## Task to carry out
Please return the lines below verbatim, beginning at the one that has "مشاهدة فيلم المفسدون" and stopping after the one that has "50项护理操作技术图解与评分标准(第2版) 博库网", and add no other lines.

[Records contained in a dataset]

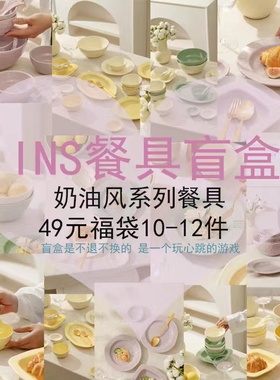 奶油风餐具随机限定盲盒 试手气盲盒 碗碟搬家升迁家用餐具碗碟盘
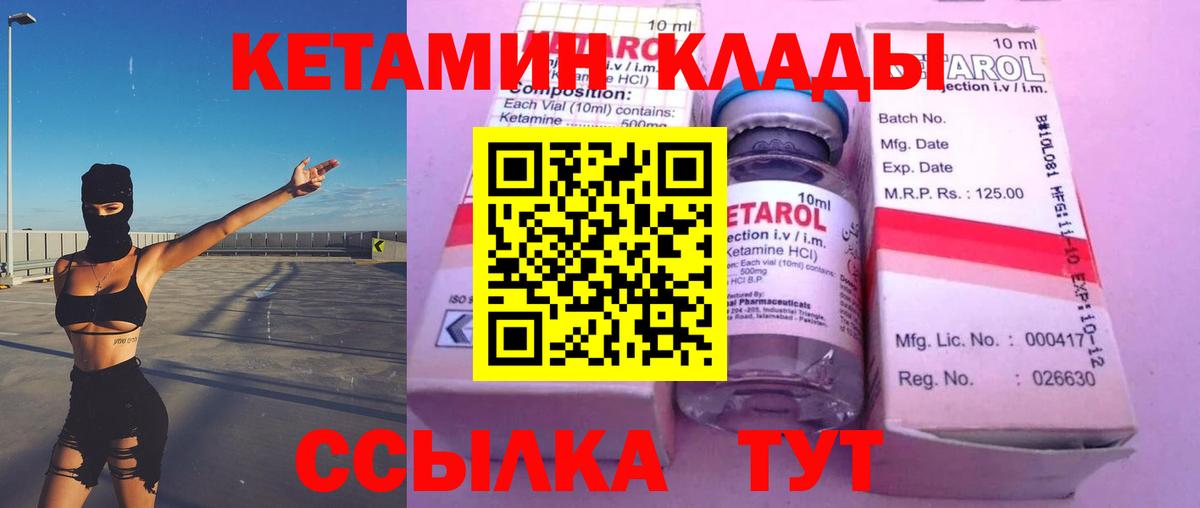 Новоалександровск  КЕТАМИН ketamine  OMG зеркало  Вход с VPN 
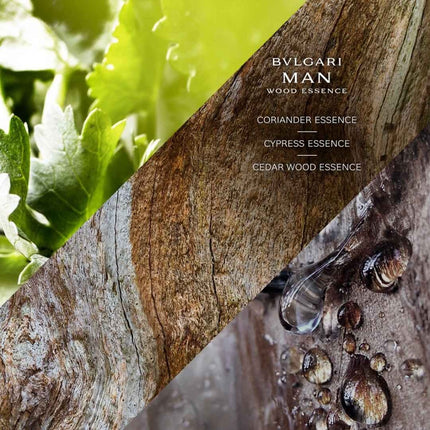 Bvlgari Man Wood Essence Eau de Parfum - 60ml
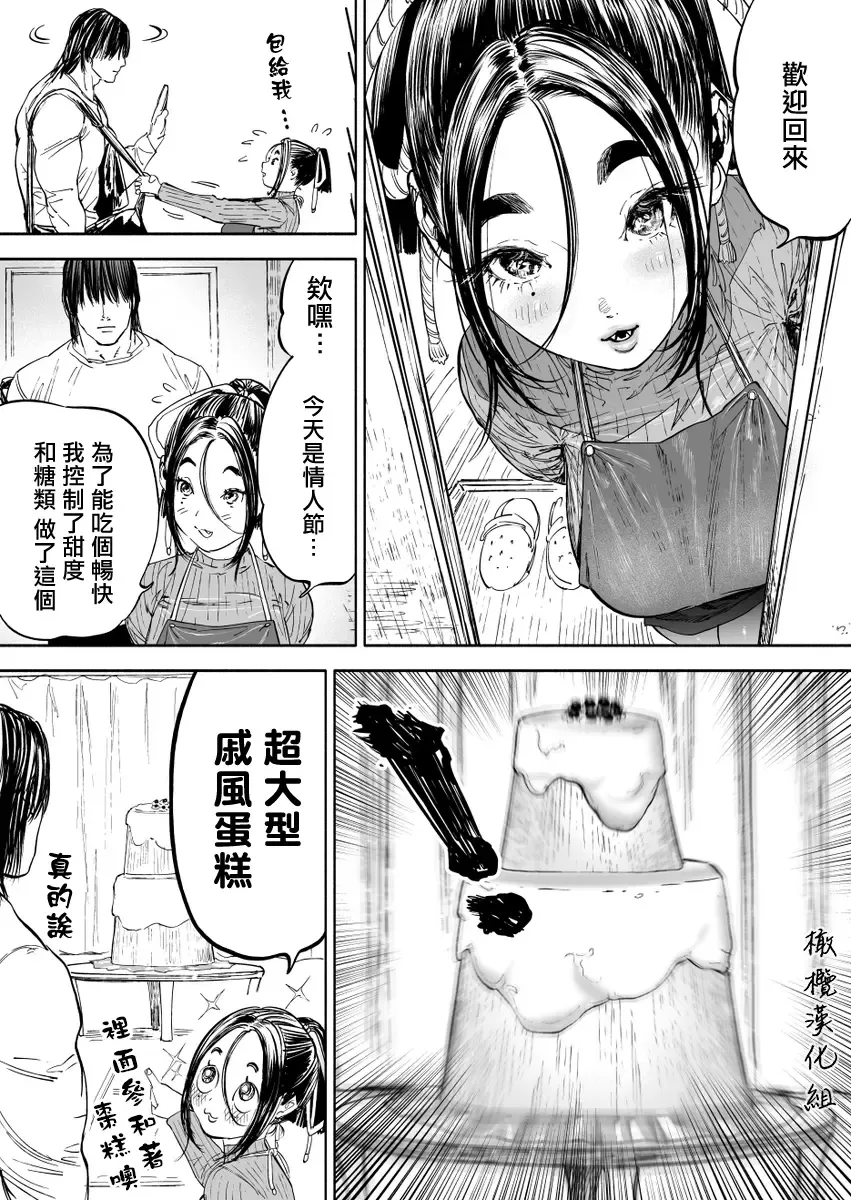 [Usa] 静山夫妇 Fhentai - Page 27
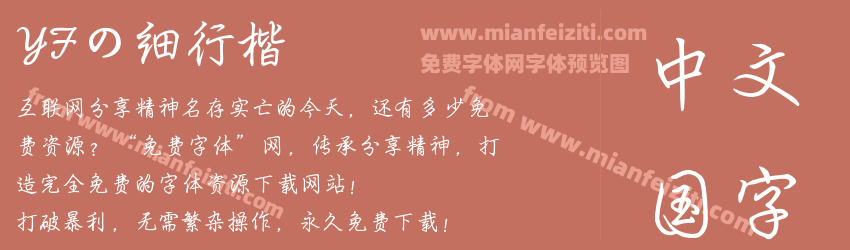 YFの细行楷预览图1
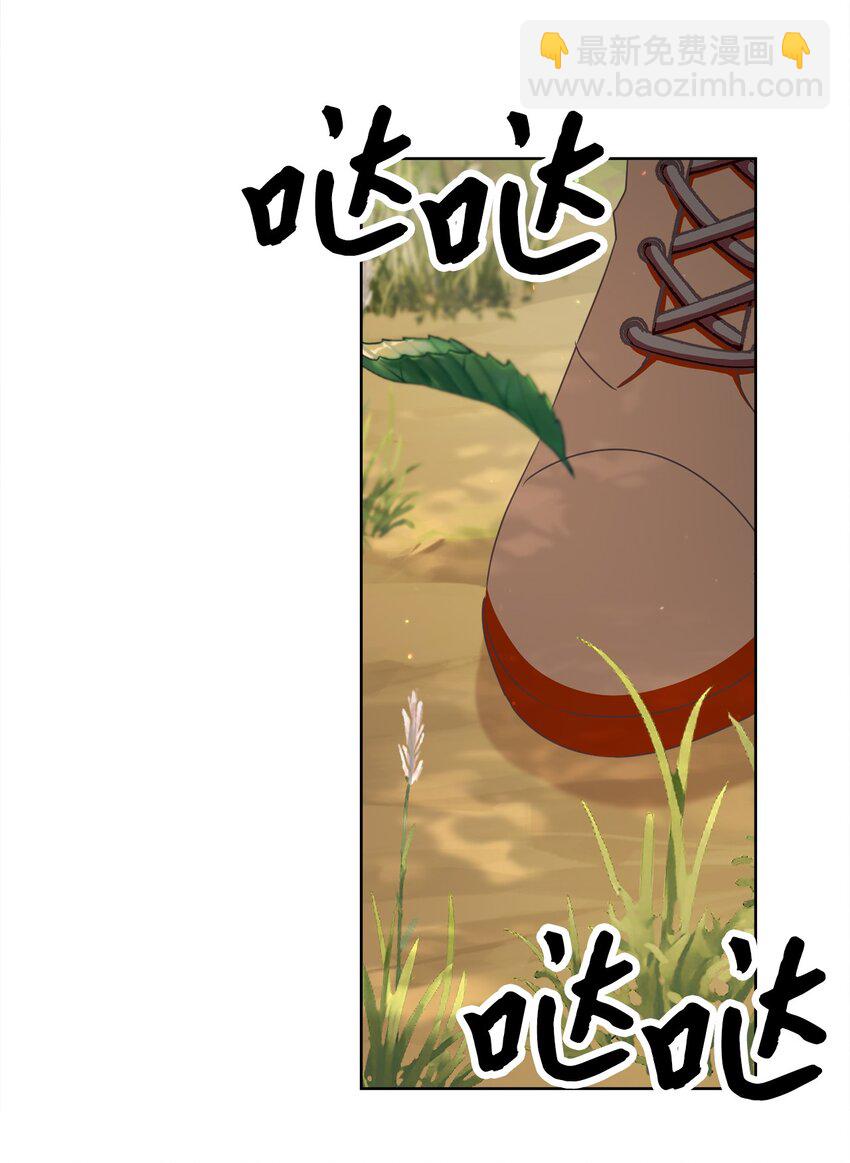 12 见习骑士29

==

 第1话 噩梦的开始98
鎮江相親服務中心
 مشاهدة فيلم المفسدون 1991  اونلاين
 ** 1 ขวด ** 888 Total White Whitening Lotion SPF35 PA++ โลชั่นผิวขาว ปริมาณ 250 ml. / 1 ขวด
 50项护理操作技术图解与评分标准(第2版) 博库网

## Solution to this task
 مشاهدة فيلم المفسدون 1991  اونلاين
 ** 1 ขวด ** 888 Total White Whitening Lotion SPF35 PA++ โลชั่นผิวขาว ปริมาณ 250 ml. / 1 ขวด
 50项护理操作技术图解与评分标准(第2版) 博库网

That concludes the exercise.